Let \(s_{ij}^{(k)}\) be the similarity between two objects \(i\) and \(j\) according to their \(k\)-th feature. Also let \( \delta_{ij}^{(k)} \in \{0,1\} \) indicate whether feature \(k\) of \(i\) and \(j\) can be compared (\( \delta_{ij}^{(k)}=1\)) or not (\( \delta_{ij}^{(k)}=0\)). For example, when \(i\) and/or \(j\) are missing feature \(k\), then \( \delta_{ij}^{(k)} = 0 \). Accordingly, the overall similarity \(S_{ij}\) between \(i\) and \(j\) can be written as
\[ S_{ij} = \frac{ \sum_k w(x_i^{(k)},x_j^{(k)}) s_{ij}^{(k)} }{ \sum_k w(x_i^{(k)},x_j^{(k)}) \delta_{ij}^{(k)} }  \]
where \(x_i^{(k)}\) and \(x_j^{(k)}\) are the values for the \(k\)-th feature of \(i\) and \(j\), respectively, and the \(w(x_i^{(k)},x_j^{(k)})\) are the weights assigned to the different features. Interestingly, the weights are expressed as a function of the feature values, rather than being constant. This allows for elegantly dealing with hierarchical features, among other things (see [1], Section 4.1).

[1] J. C. Gower. "A General Coefficient of Similarity and Some of Its Properties." Biometrics, Vol. 27, No. 4. (Dec., 1971), pp. 857-871. (http://venus.unive.it/romanaz/modstat_ba/gowdis.pdf)

Saturday, July 28, 2012

Non-metric similarities and clustering algorithms

I have often had to deal with clustering data for which a distance metric cannot be easily defined. In fact, in some cases it is possible to define a non-metric dissimilarity function that satisfies the first three of the following conditions, but not the fourth one (the triangle inequality):

  1. \( d(x,x) \ge 0, \forall x \)
  2. \( d(x,y) = 0 \Leftrightarrow x = y \)
  3. \( d(x,y) = d(y,x) \)
  4. \( d(x,y) \le d(x,z) + d(z,y) \)

Fortunately, some clustering algorithms are applicable to pairwise dissimilarity matrices computed using (symmetric) non-metric dissimilarity functions (as well as distance functions in arbitrary metric spaces). For example, [1] describes the SLINK algorithm for single-linkage hierarchical clustering, and mentions that it only requires a "symmetric non-negative dissimilarity coefficient" for which \(d(a,a)=0,  \forall a \). Also, [2] presents the k-medoids algorithm, and explicitly states that "such dissimilarities do not have to satisfy the triangle inequality" and provides an example of application for such a scenario.

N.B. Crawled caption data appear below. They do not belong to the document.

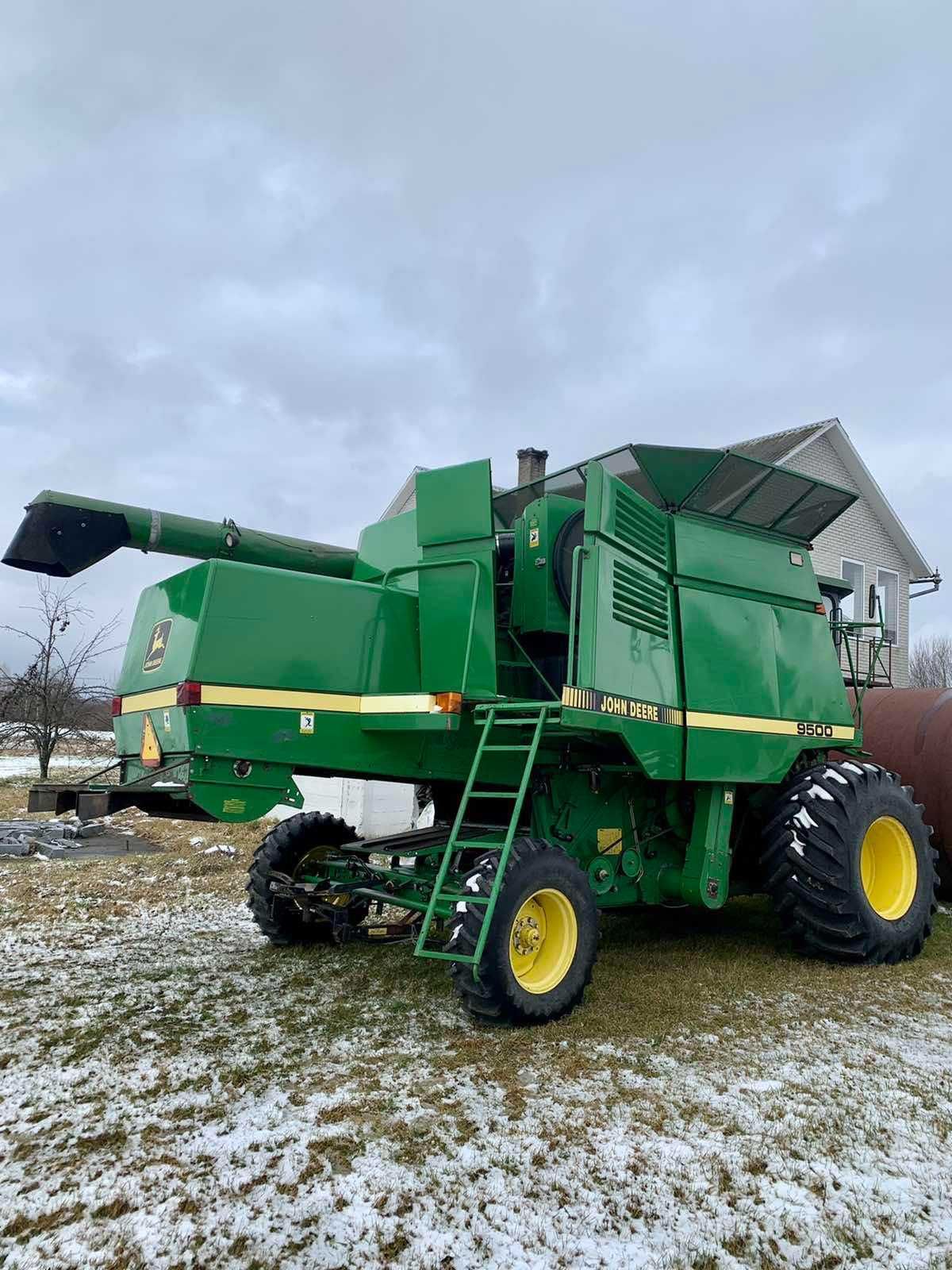 Комбайн John Deere 9500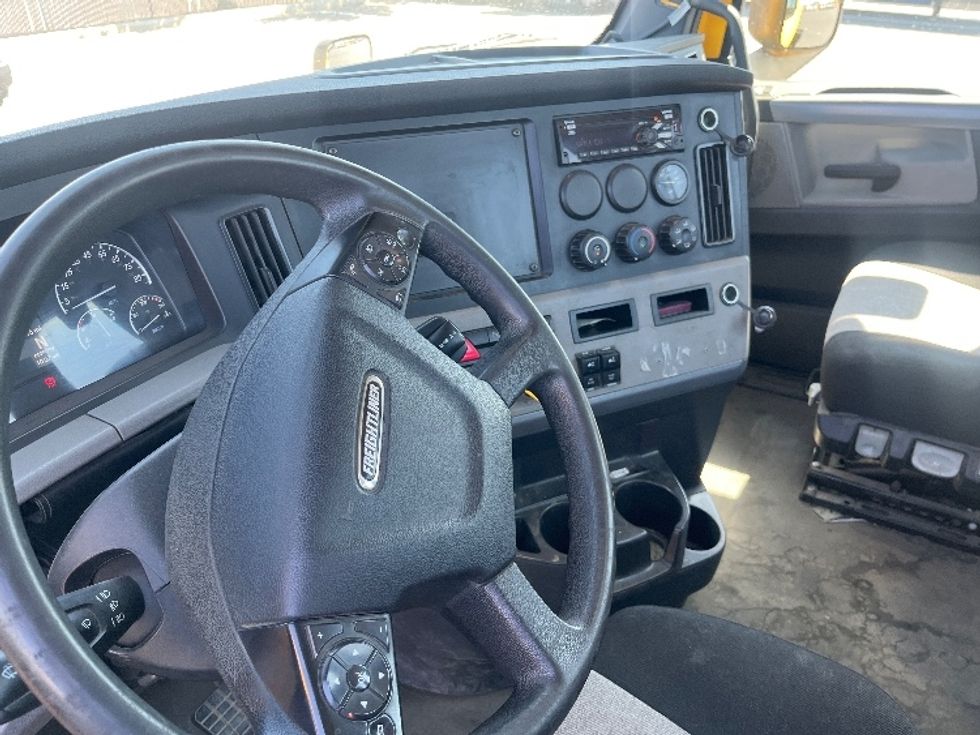 Day Cab Tractor-Heavy Duty Tractors-Freightliner-2020-T11642ST-Fresno-CA-426,345\n\t\tmiles-$ 30,250 - Image 10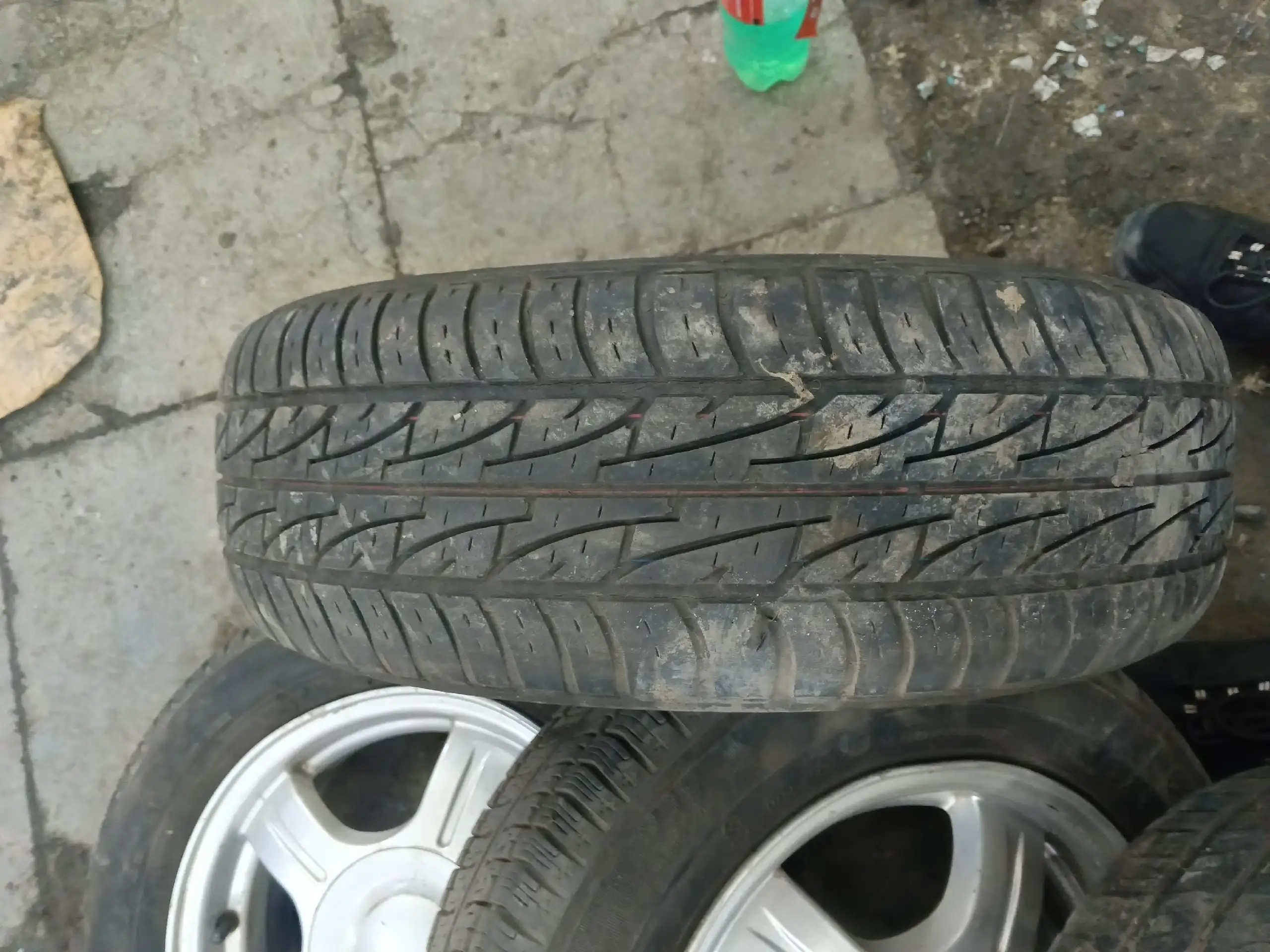 Продам статусы R14 в хорошем состоянии - Запчасти (Авто) в Омск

While there exist other clustering algorithms, such as [3] and [4], that do not require a vector space representation of the objects to be clustered, they do require that the function used to compute the dissimilarity matrix is actually a metric.

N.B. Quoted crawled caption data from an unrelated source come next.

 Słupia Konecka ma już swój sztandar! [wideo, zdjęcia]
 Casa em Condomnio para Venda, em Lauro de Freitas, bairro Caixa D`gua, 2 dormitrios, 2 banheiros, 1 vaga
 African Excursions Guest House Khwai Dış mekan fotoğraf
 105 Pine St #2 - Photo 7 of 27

[1] Sibson. "SLINK: An optimally efficient algorithm for the single-link cluster method"
(http://www.cs.gsu.edu/~wkim/index_files/papers/sibson.pdf)
[2] L. Kaufman and P.J. Rousseeuw. "Clustering by means of medoids"
(ftp://ftp.win.ua.ac.be/pub/preprints/87/Clumea87.pdf)
[3] J. Zhou and J. Sander. "Data Bubbles for Non-Vector Data: Speeding-up Hierarchical 
Clustering in Arbitrary Metric Spaces"
(http://www.vldb.org/conf/2003/papers/S14P03.pdf)
[4] V. Ganti et al. "Clustering Large Datasets in Arbitrary Metric Spaces"
(http://www.cs.virginia.edu/~cyberia/papers/ICDE99.pdf)



Friday, July 27, 2012

Tversky index

Measuring the similarity between sets is useful in many application. The Jaccard index is probably one of the most well known set similarity indexes. The Tversky index is a more general index, which includes the Jaccard or Dice indexes as a special case when \(\gamma\) and \(\eta\) are both equal to 1, or both equal to 0.5, respectively.

\[sim(X,Y) = \frac{|X \cap Y|}{|X \cap Y| + \gamma|X - Y| + \eta |Y - X|}\]

(see http://en.wikipedia.org/wiki/Tversky_index)